On the Greek side, leftwing Prime Minister Alexis Tsipras wants a deal, as does Foreign Minister Nikos Kotzias. However, Tsipras’s Syriza party is divided on the issue, and Syriza’s coalition partner, the rightwing Independent Greeks are against negotiations with Macedonia, and don’t want the word “Macedonia” to be included in the new composite name. The main opposition party, the conservative New Democracy, is also against holding negotiations. 

Nationalist organisations have held mass protests in Athens and Thessaloniki demanding that the name Macedonia be dropped altogether and not used even in a composite name. Both protests drew upwards of 100,000 people. In addition, according to Stratfor analysts, the “Greek Orthodox Church (which is still a relevant political player in the country) is skeptical of the current negotiations”.

The explosive nature of the dispute was highlighted in early February when Kotzias was reported to have received death threats against himself and his family, with a letter warning: “There are three bullets for you”. 

No easy answers

Despite the optimism currently being voiced by both sides, analysts are sceptical that a solution can be reached easily. “The name issue is still a big and very tricky issue. It doesn’t depend only on the Macedonians. It also depends on Greece and whether other EU member states will put pressure on Greece to show some willingness to compromise,” said Alexandra Stiglmayer, secretary-general of the Brussels-based European Stability Initiative, in a recent interview with bne IntelliNews

This could mean a final push will be needed from outside actors, most probably the EU, the US or a European heavyweight nation like Germany. But so far, the revived discussions on the name dispute haven't received a huge amount of attention from major European countries or the US. 

Meanwhile, Stratfor analysts highlight the deep roots of the conflict, “To outsiders, the Greek-Macedonian conflict may seem petty or absurd.

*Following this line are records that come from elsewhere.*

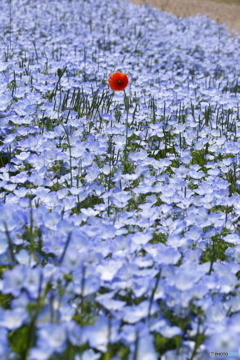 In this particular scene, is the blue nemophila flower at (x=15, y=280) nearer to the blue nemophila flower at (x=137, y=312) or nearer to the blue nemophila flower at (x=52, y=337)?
the blue nemophila flower at (x=52, y=337)

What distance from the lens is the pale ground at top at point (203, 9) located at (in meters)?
15.8

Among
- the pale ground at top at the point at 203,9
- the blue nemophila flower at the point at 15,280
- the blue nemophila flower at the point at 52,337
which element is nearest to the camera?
the blue nemophila flower at the point at 52,337

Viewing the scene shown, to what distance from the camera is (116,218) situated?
2.66m

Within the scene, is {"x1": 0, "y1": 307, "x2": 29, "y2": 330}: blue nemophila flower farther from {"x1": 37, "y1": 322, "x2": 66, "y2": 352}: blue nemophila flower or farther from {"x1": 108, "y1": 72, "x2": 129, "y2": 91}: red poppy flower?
{"x1": 108, "y1": 72, "x2": 129, "y2": 91}: red poppy flower

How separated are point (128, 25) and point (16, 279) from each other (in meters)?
10.8

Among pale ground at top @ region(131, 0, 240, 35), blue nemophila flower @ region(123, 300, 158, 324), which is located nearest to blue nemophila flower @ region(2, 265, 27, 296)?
blue nemophila flower @ region(123, 300, 158, 324)

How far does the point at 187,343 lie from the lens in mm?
1700

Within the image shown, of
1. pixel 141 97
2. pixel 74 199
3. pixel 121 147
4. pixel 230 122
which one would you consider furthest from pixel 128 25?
pixel 74 199

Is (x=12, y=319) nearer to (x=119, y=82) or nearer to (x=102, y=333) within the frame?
(x=102, y=333)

The fact that two countries have spent decades debating over events that happened 25 centuries ago is hard to understand for people not invested in the dispute, especially considering both parties would probably benefit from a solution,” they write. “But the Greek-Macedonian dispute is intrinsically connected to the issue of national identity, which often trumps any economic or institutional arguments … political calculations and deep-rooted nationalism on both sides have prevented the parties from reaching an agreement.”

Still, there are strong incentives for both sides to reach a compromise, and there are implications not only for those immediately involved but for the wider region. 

“The situation in Macedonia could turn out very well, but if the name issue is not resolved and if Greece still blocks the start of accession talks for Macedonia, this will be a huge dampener on the whole accession process,” Stiglmayer warns. “This will reflect on other countries too: if they see the EU is still allowing Greece to bloc Macedonia it will be seen as evidence the EU doesn’t really want them.”

Given the European Commission is now pushing for further enlargement, launching a new strategy for the Western Balkans on February 6, there is additional impetus to reach a solution. The EC talked of 2019 as the target date for Macedonia, along with Albania, to start accession negotiations, while anticipating all countries from the region "should also be well advanced on their European path” by 2025.